Issue #3 Slow copy speed to synced drives.
Solutions(s)
#1. TOO MUCH CACHE. RAID controllers have a 1GB cache, I had a 1GB cache on the starwind side initially, plus I had enabled a 20Gb cache in storage spaces. If you have RAID controller cache, don't use starwind cache. If you are using storage spaces, don't get fancy and add a ton of SSD caching. The cache has to flush at some point, that's why your transfer speeds look like a roller coaster. Once I turned off all the starwind cache and left the storage spaces cache at 1GB, the speeds were 300MB/S or higher sustained.
#2. Try disabling ODX in the starwind config, that had me limited to 100GB/S. (Make sure to stop starwind vsan service when editing this file)
#3. Make sure to change <iScsiDiscoveryListInterfaces value="1"/> in the starwind.cfg file (make sure the stop the starwind vsan service when editing this file)
#4. Make sure your CPU isn't maxing out, this amount of traffic can kill your CPU if it's underpowered.
Issue#1 Slow drive performance.
Solution(s)
#1. I was having weird performance on one of the servers, I decided to break the array and test each individual drive, I found that one of my brand new 4TB WD RED drives was writing at 35MB/s.
#2. I had an LSI 9260 in one server, and an LSI 9271 in the other. The 9260 was seeing around 1/2 the performance of the other one. I upgraded to a 9265 and the speeds are more comparable
#3. Make sure RAID controllers have write-back cache enabled with a BBU.
#4. Raid 10, just do it, don't fall for the speeds of RAID-5
Issue #2 Network Performance.
#1. My infiniband had an MTU issue, on windows it needs to be 2048. Don't try to set it 4096, seriously, don't change it to 4096.
#2. I also had a bad infiniband card, which was causing slow write, slow transfer & random disconnects.
#3. I had 2 nics in one server that had IPs on the same subnet, had to change to different subnet to allow for heartbeat / replication traffic.
#4. There are some NIC settings on the iSCSI nics to help performance. Make sure to run them. I used a script put out by a competitor that disabled NAGLE and unbinded ipv6, etc. That will speed things up 10-25%.
Issue #3 Slow initial replication
Solution:
Create drives as 1GB, then replicate, then increase. Time consuming, but just do it.

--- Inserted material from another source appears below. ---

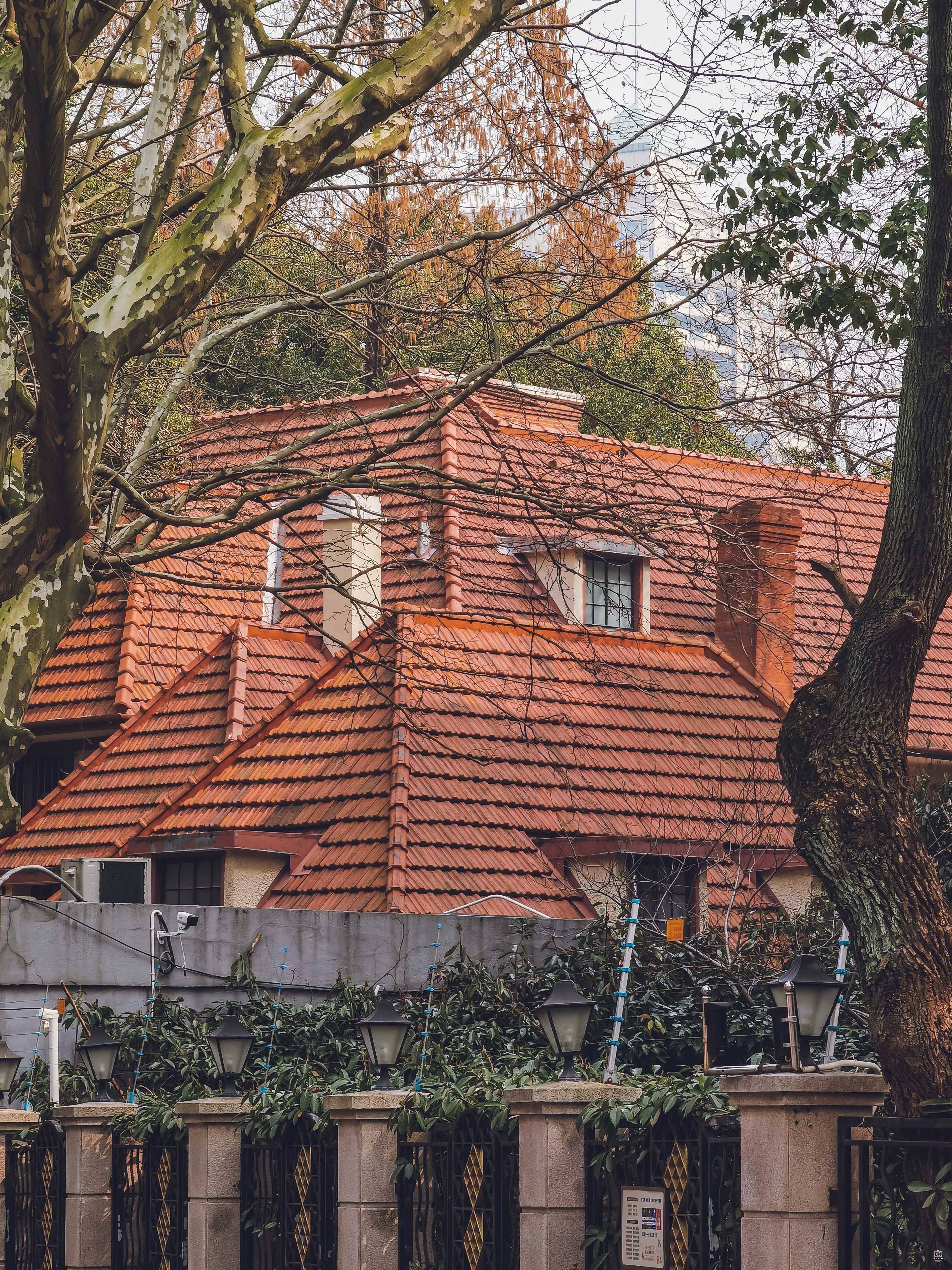 威尔金森住宅 图片3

Issue #3 Slow copy speed to synced drives.
Solutions(s)
#1. TOO MUCH CACHE. RAID controllers have a 1GB cache, I had a 1GB cache on the starwind side initially, plus I had enabled a 20Gb cache in storage spaces. If you have RAID controller cache, don't use starwind cache. If you are using storage spaces, don't get fancy and add a ton of SSD caching. The cache has to flush at some point, that's why your transfer speeds look like a roller coaster. Once I turned off all the starwind cache and left the storage spaces cache at 1GB, the speeds were 300MB/S or higher sustained.

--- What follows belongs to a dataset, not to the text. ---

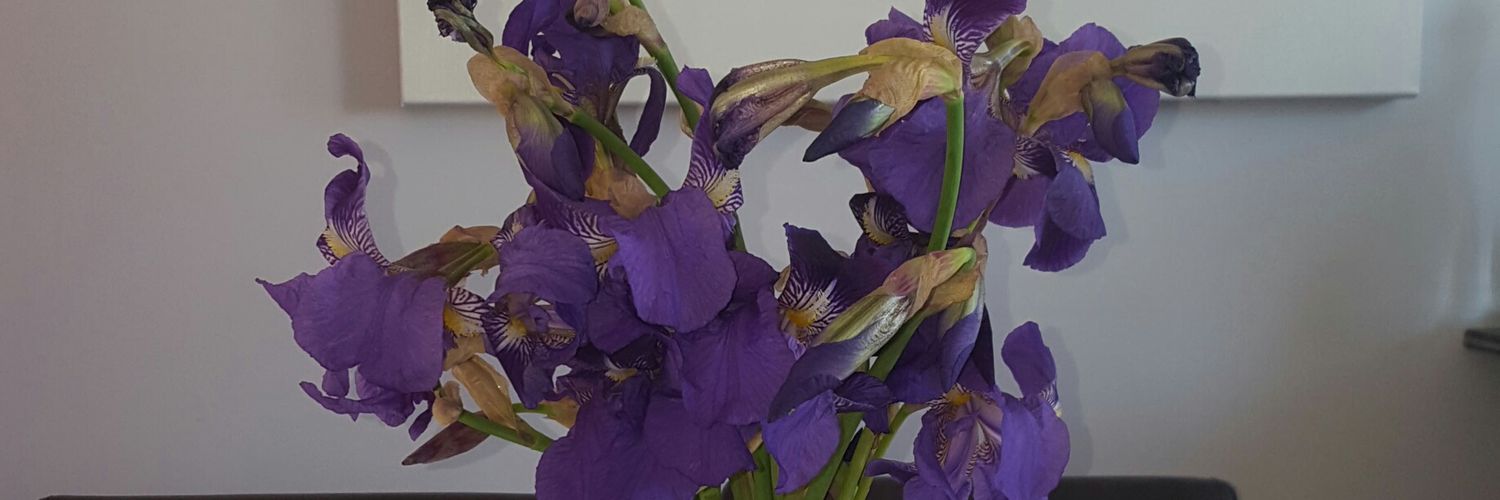 f4fd4ba75ebd433's profile banner image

#2. Try disabling ODX in the starwind config, that had me limited to 100GB/S. (Make sure to stop starwind vsan service when editing this file)
#3. Make sure to change <iScsiDiscoveryListInterfaces value="1"/> in the starwind.cfg file (make sure the stop the starwind vsan service when editing this file)
#4. Make sure your CPU isn't maxing out, this amount of traffic can kill your CPU if it's underpowered.